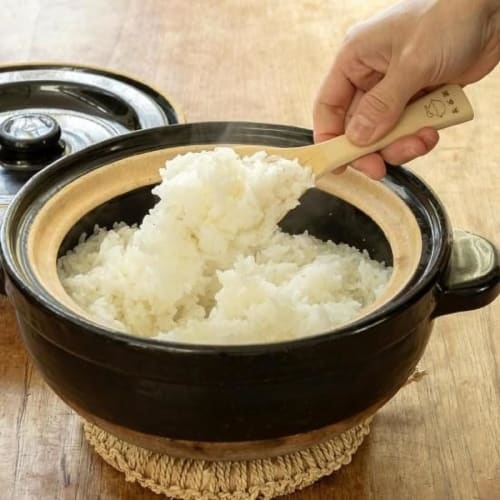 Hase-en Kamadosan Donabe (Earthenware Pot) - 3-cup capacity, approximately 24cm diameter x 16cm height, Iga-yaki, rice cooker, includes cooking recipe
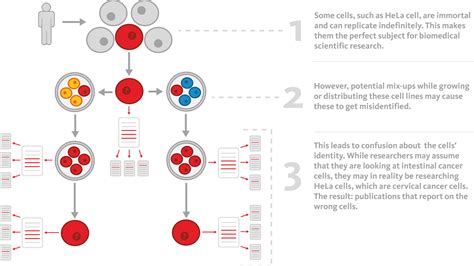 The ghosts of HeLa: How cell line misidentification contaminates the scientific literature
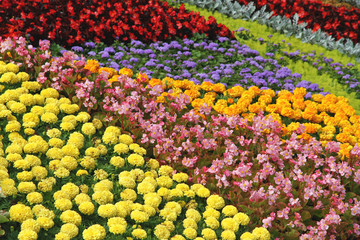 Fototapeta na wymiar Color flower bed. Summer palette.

What is required. Please retype all of the material exactly, skipping whatever images it holds.

Expected output.
 Hase-en Kamadosan Donabe (Earthenware Pot) - 3-cup capacity, approximately 24cm diameter x 16cm height, Iga-yaki, rice cooker, includes cooking recipe
 The ghosts of HeLa: How cell line misidentification contaminates the scientific literature
 Fototapeta na wymiar Color flower bed. Summer palette.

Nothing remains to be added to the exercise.